DATA:
■ ■ ■ ■ ■ ■ ■

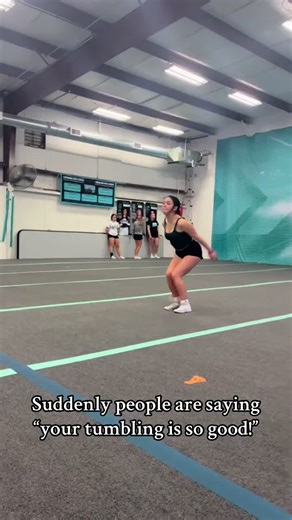 Definitely have come a long way !! #cheer #tumbling #powertumbling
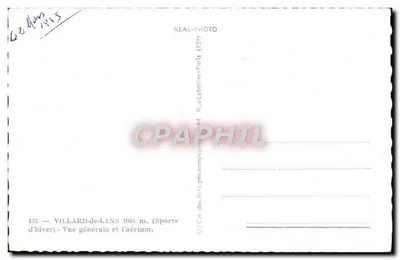Villard-de-Lans — Ogólny widok i aérium — REAL-PHOTO — Rewers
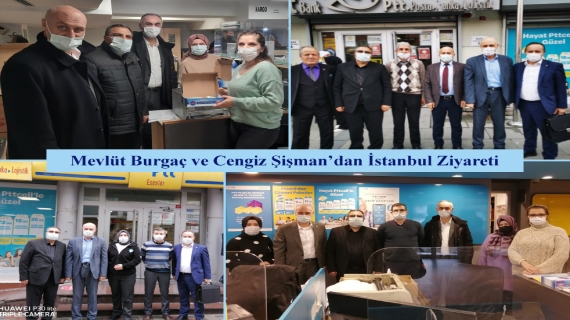 Mevlüt Burgaç ve Cengiz Şişman’dan İstanbul Ziyareti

■ ■ ■ ■ ■ ■ ■

Please print the listing above again word for word, without its pictures.

EXPECTED OUTPUT:
 Definitely have come a long way !! #cheer #tumbling #powertumbling
Villard-de-Lans — Ogólny widok i aérium — REAL-PHOTO — Rewers
 Mevlüt Burgaç ve Cengiz Şişman’dan İstanbul Ziyareti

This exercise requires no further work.